The recommendation raised suspicion amongst progressive councillors and a contentious, five-hour debate ensued.
Watch the March 31, 2015 Toronto Council meeting (1:07:10) video.
They were being asked to accept Byford’s reasoning without having access to the information that informed it. The TTC report was held back from councillors who were not members of the TTC Commission until the night before the council meeting. These same councillors were denied access to the Bechtel assessment and APTA peer review on the basis of confidentiality. To further limit debate, Tory had his deputy mayor Denzil Minnan-Wong introduce a motion to lump the TYSSE sole source recommendation item together with another item requesting a report on TTC delivery options which effectively reduced the time allowed for questions from ten minutes to five. The recommendation was approved 40 to 3.
Read a transcript of the council debate here.
Byford’s sole source turned out to be Bechtel, the same contractor hired to study the project—in contravention of normal conflict-of-interest protocols.
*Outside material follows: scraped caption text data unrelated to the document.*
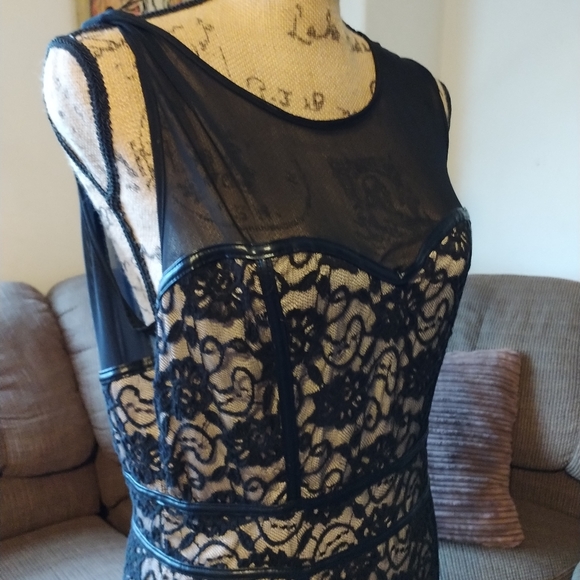 Dress size L (no name) - Picture 9 of 13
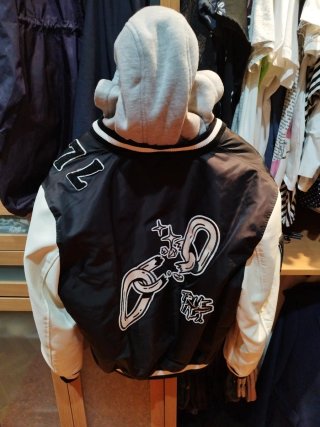 Chaqueta estilo universitario negra y blanca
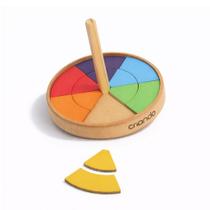 Pião de Encaixe, da Criando - Brinquedo de Madeira com peças coloridas de encaixar e discos ilustrados - Cód. RacPECol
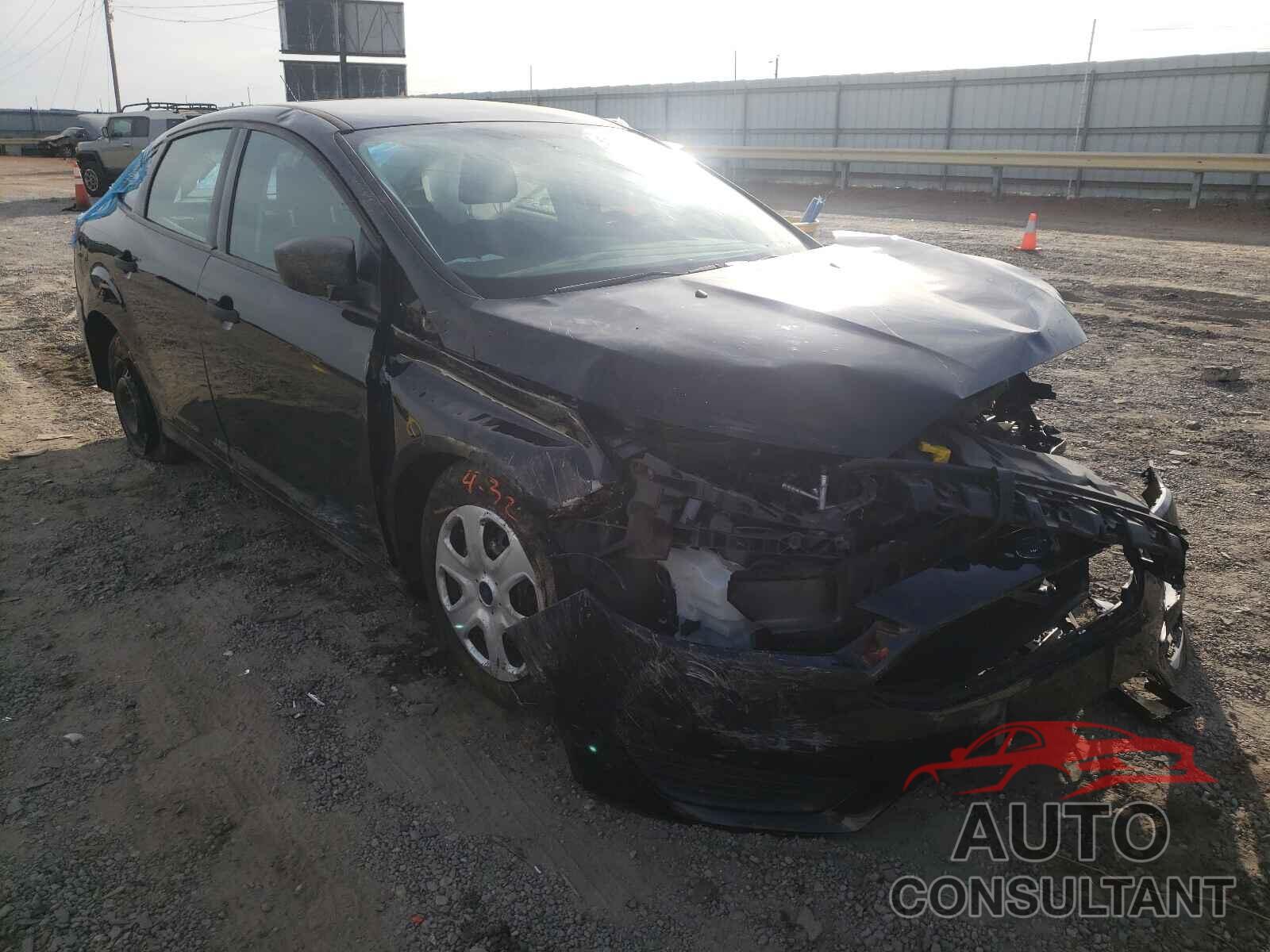 FORD FOCUS 2018 - 1FADP3E24JL255345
On April 10, 2015, The TTC board approved the contract with Bechtel to take over management of the project for $150 million. Council gave final approval to take $60 million from York Region and $90 million from the city’s reserve fund to pay for the 46 Bechtel personnel.
A complaint was submitted to Toronto Auditor General Beverly Romeo-Beehler on May 24, 2017 but her office declined to investigate.
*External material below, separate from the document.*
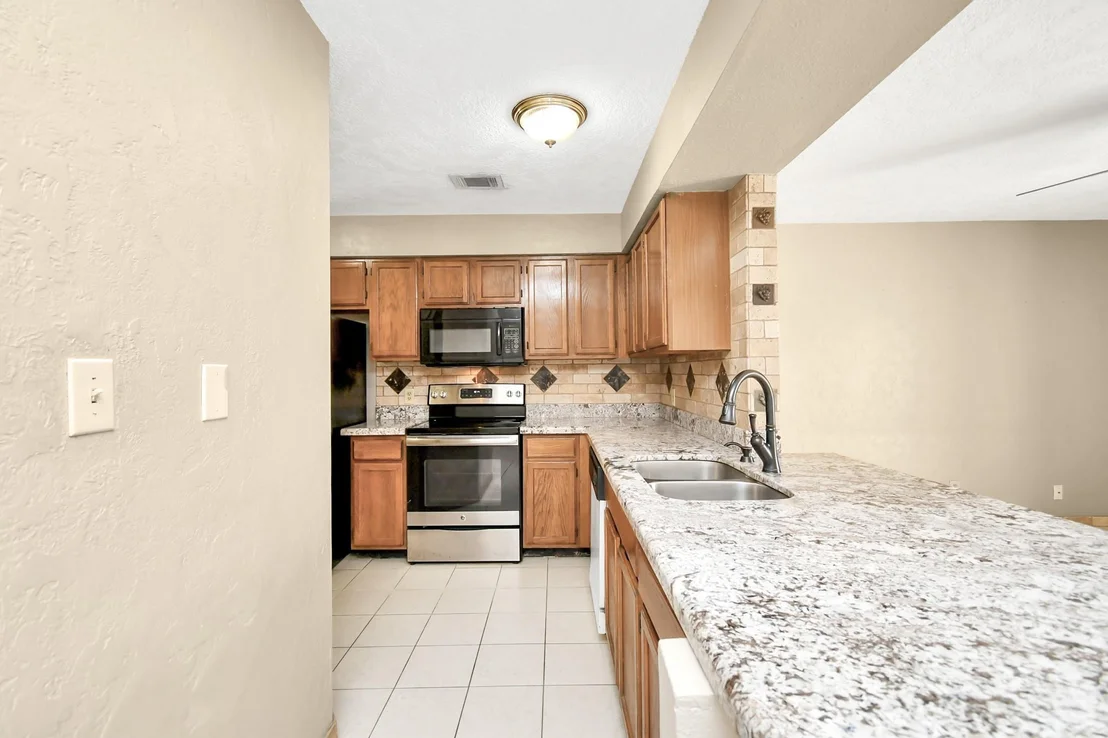 Photo of Unit 250D at 2501 Gulf Freeway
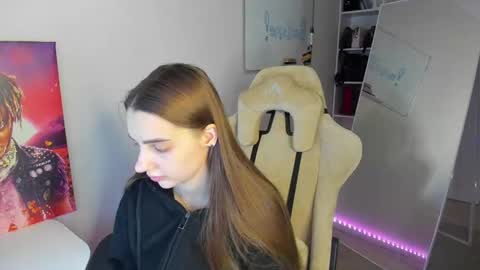 Abby  online show from January 16, 3:02 pm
March to more privatization
Did the public pay $150 million to Bechtel to deliver the TYSSE by December 2017 for the benefit of Toronto and York Region residents? Or was this an opportunity for one of the largest construction firms in the world to move in on the TTC by demonizing in-house TTC management?”
Before Bechtel got the TYSSE project, Metrolinx had already taken over the Eglinton Crosstown LRT, which had also started under Ghaly and Bertolo at the TTC Expansion Department. As a result of the Metrolinx takeover, in-house TTC expertise was eliminated and the project was delayed by two years, while Metrolinx invited private consortia to bid on a complex contract to design, build, finance and maintain (DBFM) the Crosstown.
Now SNC-Lavalin, Grupo ACS, Dragados and OHL (a Spanish multinational that tunnelled the TYSSE) have a 30-year, $9.1-billion contract to design, build, finance and maintain the Crosstown line. Only the operation may be left to the TTC. Meanwhile, the project has significantly ballooned in duration and cost.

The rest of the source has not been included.